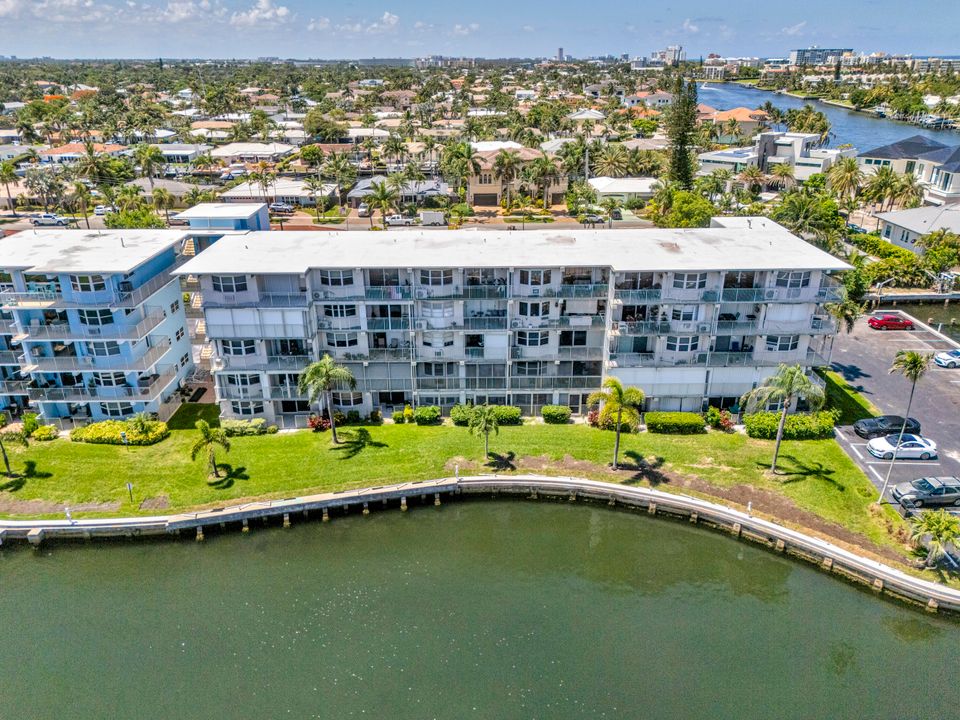 最近租的: $1,999 (1 贝兹, 1 浴室, 900 平方英尺)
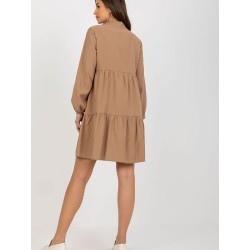  Robe de jour Rue Paris 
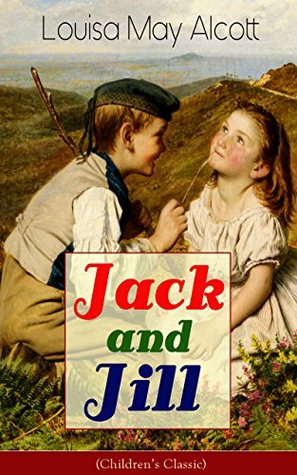 Jack and Jill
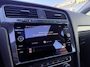 Volkswagen Golf Variant 1.0 TSI Comfortline. | AUTOMAAT | PANO | DYNAUDIO | CARPLAY | PDC | NAVI |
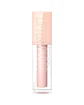 Labial Lifter Gloss Ice - MAYBELLINE - Miniatura 1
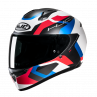 Casco HJC C10 TINS - 7309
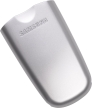 Samsung Original Standard Li-Ion Battery BST2009SEB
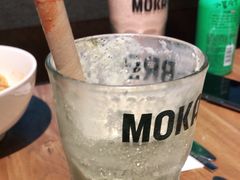 -Moka Bros 摩卡站(嘉华店)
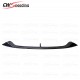 OEM STYLE CARBON FIBER FRONT LIP FOR FERRARI F12 Berlinetta OEM STYLE CARBON FIBER FRONT LIP FOR FERRARI F12 Berlinetta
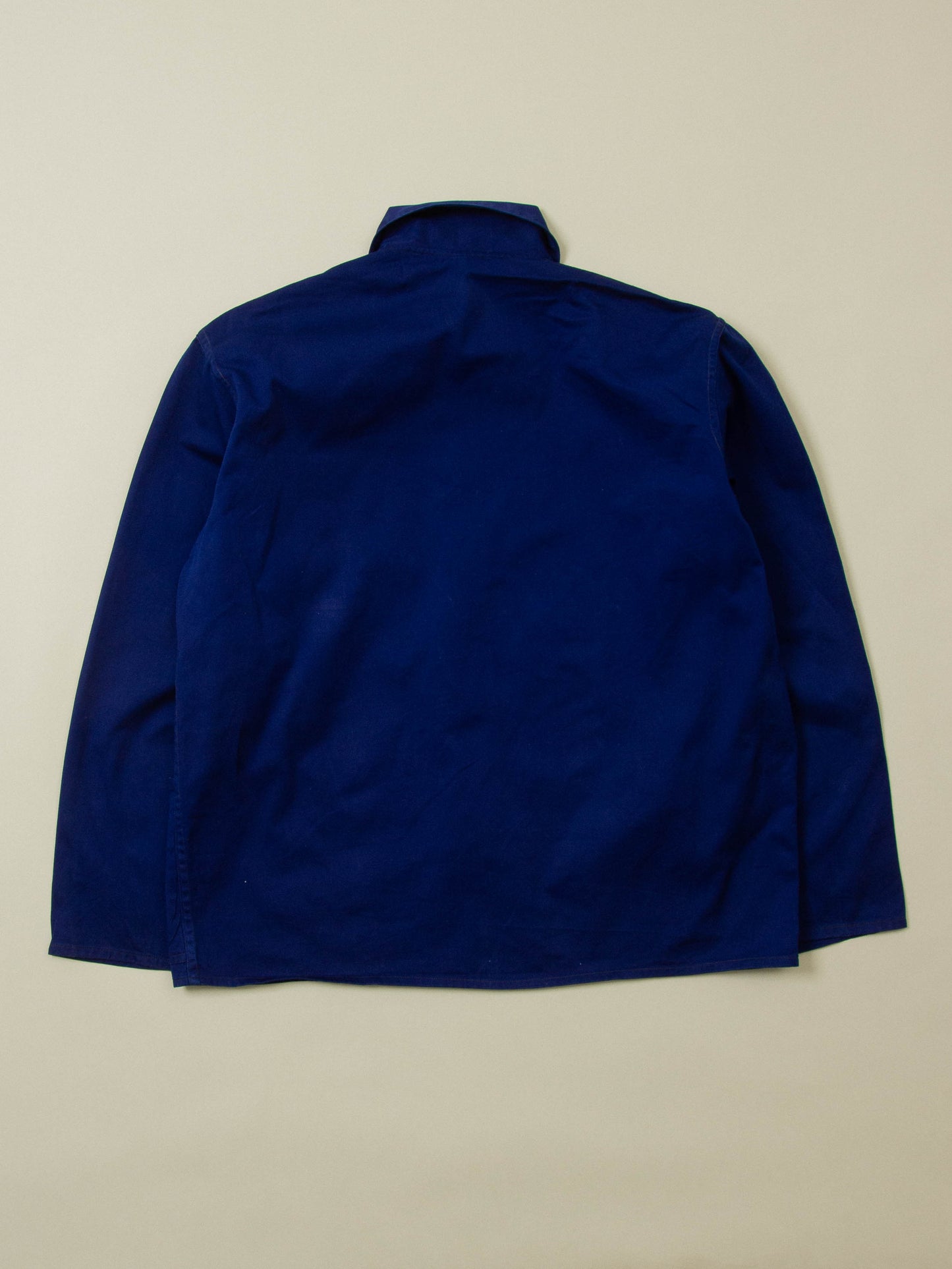 Vtg 1970s 'Friendship' Workwear Jacket (M)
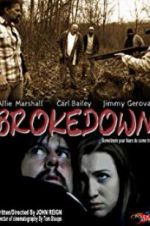 Watch Brokedown Primewire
★ ★ ★ ★ ★ ★ ★
▶ [Task to complete]: Both the line containing "Robe de jour Rue Paris" and the last line of the listing above belong in the copy, along with every line between them; retype them exactly and omit the pictures.

▶ [Task output]:
  Robe de jour Rue Paris 
 Jack and Jill
 Volkswagen Golf Variant 1.0 TSI Comfortline. | AUTOMAAT | PANO | DYNAUDIO | CARPLAY | PDC | NAVI |
 Labial Lifter Gloss Ice - MAYBELLINE - Miniatura 1
 Casco HJC C10 TINS - 7309
 Samsung Original Standard Li-Ion Battery BST2009SEB
 -Moka Bros 摩卡站(嘉华店)
 OEM STYLE CARBON FIBER FRONT LIP FOR FERRARI F12 Berlinetta OEM STYLE CARBON FIBER FRONT LIP FOR FERRARI F12 Berlinetta
 Vtg 1970s 'Friendship' Workwear Jacket (M)
 Watch Brokedown Primewire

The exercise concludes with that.